Both Kirk and the American literary critic Irving Babbitt posit an additional imagination, which they call the “Idyllic Imagination,” and define as “the imagination which rejects old dogmas and old manners and rejoices in the notion of emancipation from duty and convention.” According to Kirk, “The idyllic imagination ordinarily terminates in disillusion and boredom,” which of course opens the gates to sinful thoughts, which themselves often terminate in sinful deeds. The Idyllic Imagination, in a sense, is not an active imagination but instead a passive one, and it is passive to dangerous forces which it has little or no strength to resist.
How then are we to inform and develop—with what tools do we cultivate—the Moral Imagination? I am no lonely voice in the desert when I say that it is through good fiction and literature, (what Kirk calls “humane letters” and what I will simply call fiction) that we develop our moral imagination. In the words of Kirk, “the end of great books is ethical—to teach us what it means to be genuinely human.” The end of fiction is not simply to explicate some high moral code, however true that moral code might be; such efforts at storytelling fail to grasp us at an existential level and are at best pedantic and sanctimonious. A good story necessarily entails moral drama so there is no need to beleaguer the reader with sugar-coated sermons. Even so, man seems to have a natural instinct that senses when a sermon is dressed up in the sheep’s wool of storytelling. Fiction is ultimately a means of understanding ourselves as moral animals through the varied expressions of the human condition. In the process, we become more human, and not merely in some anthropocentric way.

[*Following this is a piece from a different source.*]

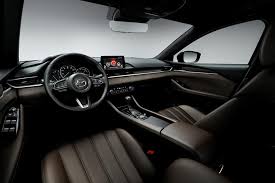 The 2020 mazda6's pricing starts from $25,045 msrp, including the $945 destination charge, and goes up to $36,345 msrp. 2021 Mazda 6 Interior Review Seating Infotainment Dashboard And Features Carindigo Com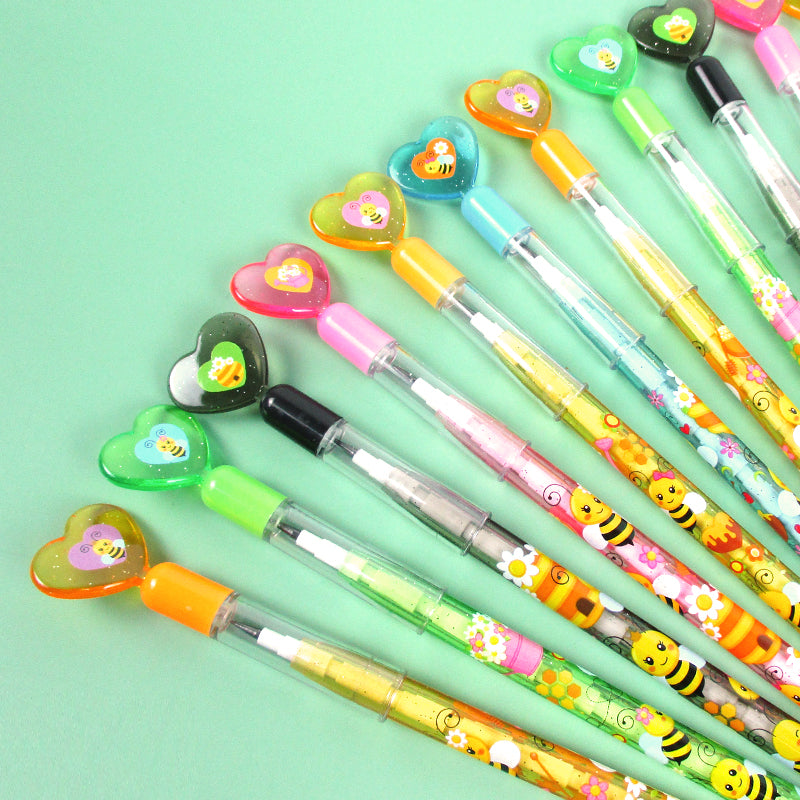 Honeybees Multi Point Pencils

In both subtle and blatant ways, much of contemporary fiction presupposes moral relativity and an anthropocentric worldview. In such fiction, each character’s viewpoint seems justifiable when viewed in light of each one’s circumstances; in each case, evil can be reasoned away according to some kernel of apparent good. There is no clear good and no clear evil, only agents playing whack-a-mole morality.

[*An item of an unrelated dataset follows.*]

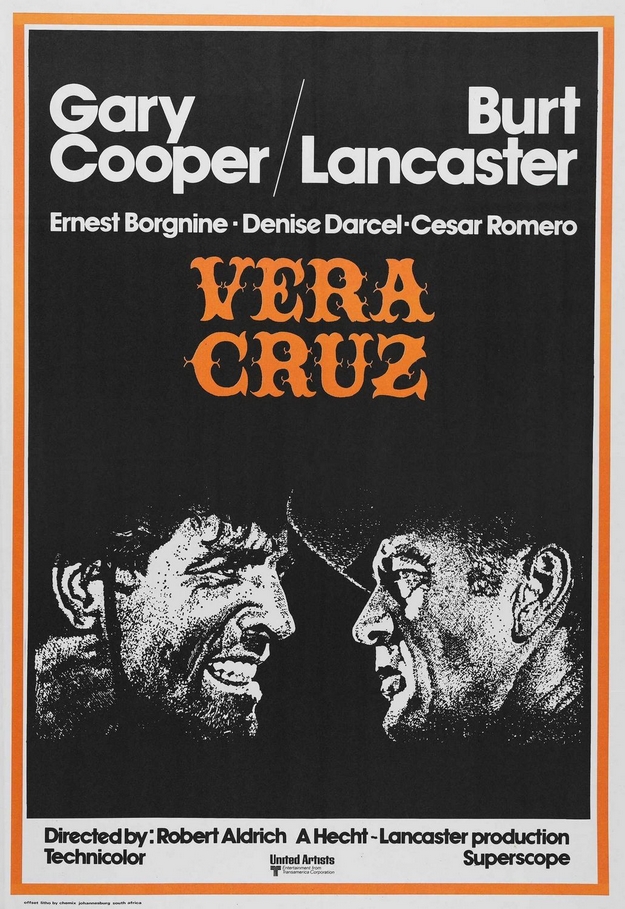 Vera Cruz - affiche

Meanwhile, “good” fiction, while illustrating the nuanced moral scenarios that face men, also presupposes some objective schema of morality to which men must conform their actions. In this case, morality is not beholden to the character’s rationale, but the latter is beholden to the former. This kind of fiction presupposes the above while also entertaining, enlightening, stretching, forming—and even shocking at times—our imaginations in such a way that we come to know the world as it is, we transcend the limits of personal experience, and we are able to transform it into what it could and should be (not that I posit any sort of utopian vision of the world).
If the Moral Imagination is excluded from this dynamic between morality and imagination, then either the Idyllic or Diabolic Imagination will likely fill the vacuum in our minds and souls and deform them with visions of utopia. Once that has happened, we will inevitably deform the world into a dystopia. While men may shun the proclamations of the Church and her warnings against utopian endeavors, they seldom fail to fall for a good story. Through a good story, through fiction, we are able to rediscover the greater story about who man is. When we begin to understand who man is only then can we begin to ask where he is going. Once we do that, we begin to understand a little more what the Church is doing—preserving the story and proclaiming it anew to every age.
[1] Russell Kirk, "The Moral imagination," in Literature and Belief Vol. 1 (1981), 37–49.